Once Upon A Time: The Root of the Myth of The One

This entry is part 3 of 3 in the series The One

Once upon a time, before humans could crisscross the globe in a matter of hours and chat with one another instantaneously from anywhere on the planet, geography was a severe limitation.

Where you were born was more or less where you’d grow up, reproduce, and die. Until the high days of seafaring exploration, someone who was well traveled had been from one mountain range to another. Only the truly adventurous had regularly been to other continents.

Even after the circumnavigation of the globe, most people were still more apt to stay in their homeland than to venture to other nations. Getting around was difficult and dangerous. The comfort of a support network simply didn’t exist unless you were already introduced to a group in the foreign land. “Vacation” wasn’t a common idea.

During this long stretch of time–really the bulk of human civilization–the idea of Romance as we know it today didn’t come up all that often. In many levels of society, marriages were arranged to cement political and economic positions. You either learned to love who you were paired with or you suffered through bearing/siring children until you or your mate died. In less formal circles, you may be lucky enough to pair off with someone who’s the best you’ve ever met–but the sample size to draw from would most likely top out at a few thousand.

It is from those rough times that we get the ideas of duty and fealty that still permeate our familial and romantic relationships. Anything more–deeper ideas of Love and Romance–were the dalliances of philosophers and nobles.
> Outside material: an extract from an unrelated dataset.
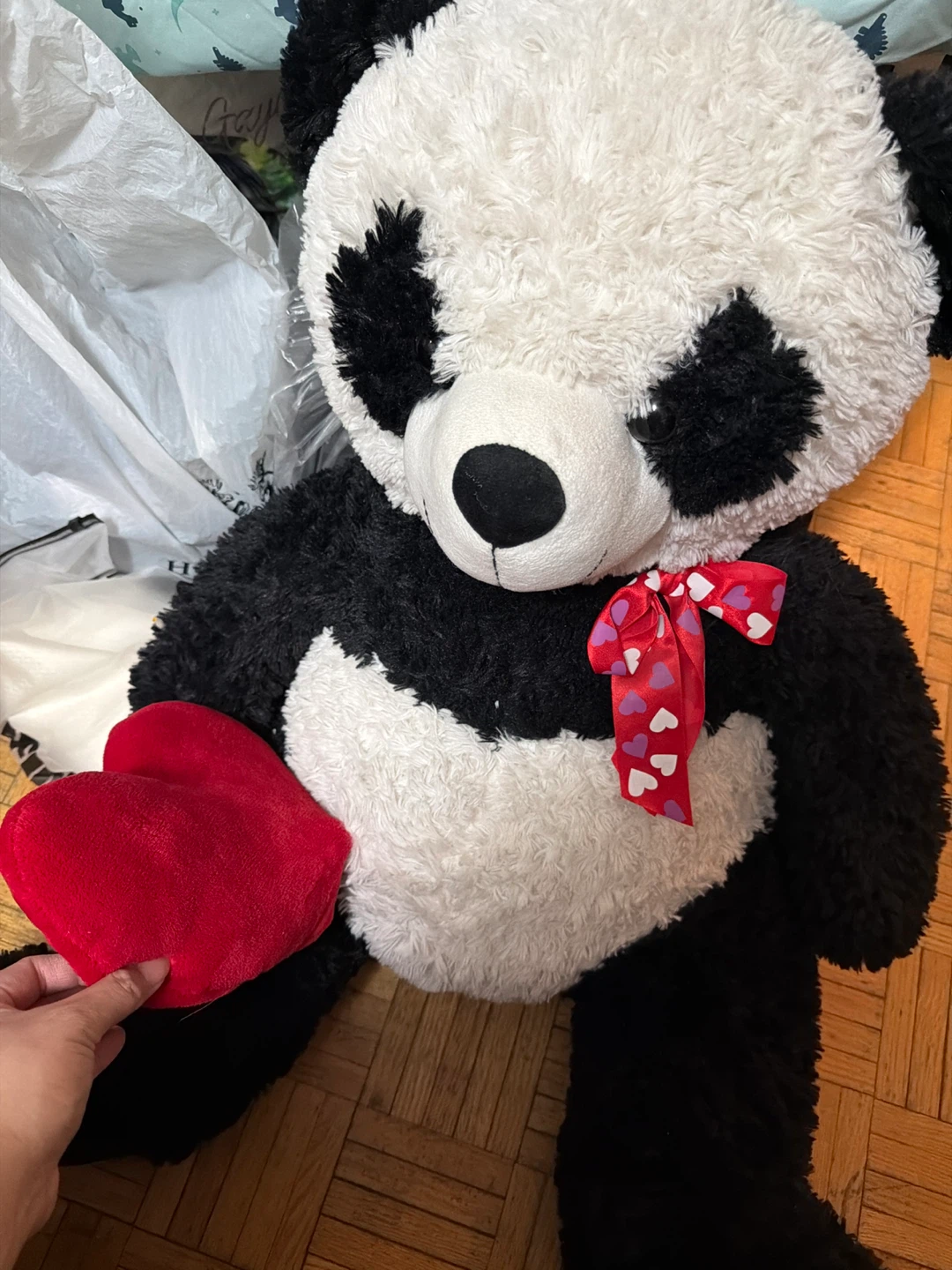 Large Plush Panda Bear with Heart Pillow - photo 3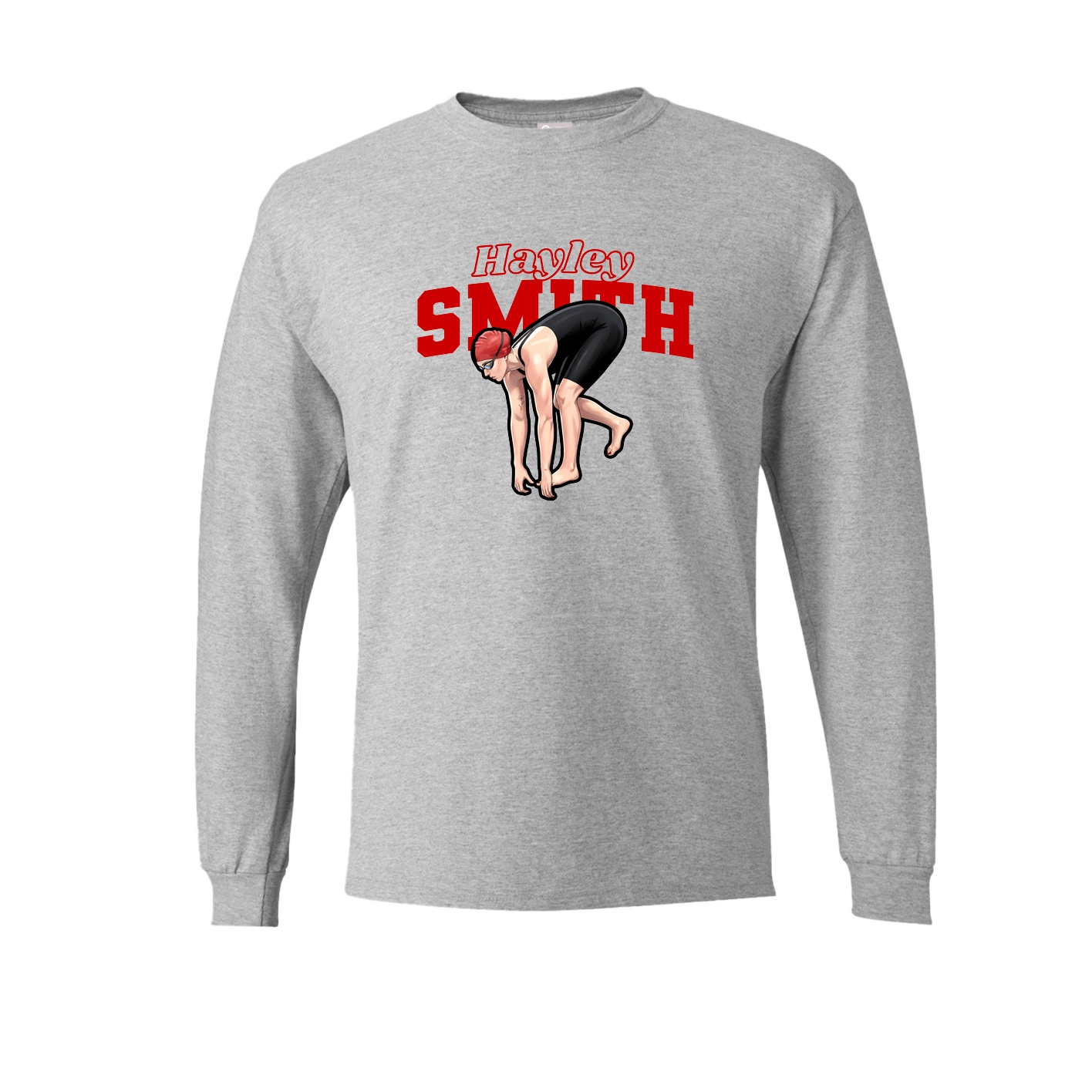 Long Sleeve Tee — Name Arch in Grey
People who didn’t have to fight to put food on the table from day to day.

But those philosophers and artists began to craft stories focusing on Romantic ideals. They brought us passion plays and romantic intrigue. By the time the more modern times rolled around, there were dozens upon dozens of re-interpreted myths and original plays where wild hearts bucked the bounds of society in the name of Love!

Romeo and Juliet, Antony and Cleopatra, Don Juan… all characters that became more and more widely known as it became easier to spread the stories far and wide. Little by little, life for the average person became easier, allowing them time to dabble in what once was only the domain of philosophers. The ideas of Romance took hold deeply and mixed with the concepts of duty that once governed most relationships.

The idea of that One True Love who would appear in a sparkle of light and to a choir of angels took hold. Literature and theater, and later film and television would continue to romanticize Romance, driving the idea of The One deeper and deeper into the collective consciousness of the Western World.

Through is all the idea grew: There is only One person out there for each of us. We will know that One when we see him/her and we will be together forever.

And while that idea grew, the details of all of those myths blurred. People forgot that Romeo and Juliet ended up dead, as did Antony and Cleopatra. They forgot the trials of Psyche before she finally ended up with Cupid. And one of the grand romances–that of Arthur, Guenevere, and Lancelot–that “destined Love” destroyed Arthur and the kingdom he helped build.

Somewhere along the way, we as a culture have lost sight of the fact that finding The One just doesn’t happen on its own. We forget that there is no promise that it will happen as we’ve imagined.

Perhaps most tragically, we don’t realize that, as in many stories, when we meet our One, tragedy often follows.

But the world is a bigger place now than it was when those stories first took hold and we can cover more of it in a day than our ancestors could in a week. Reality has changed ever more quickly while our mythology has slid further from common knowledge, leaving only the horribly skewed, half-remembered idea of how things “should be”.

The myth of The One is just that: a fanciful story that is poorly remembered by most and recited differently by many.

Within that myth, though, there is Truth that is often missed. The One does, indeed, exist, just not quite as we’re lead to believe.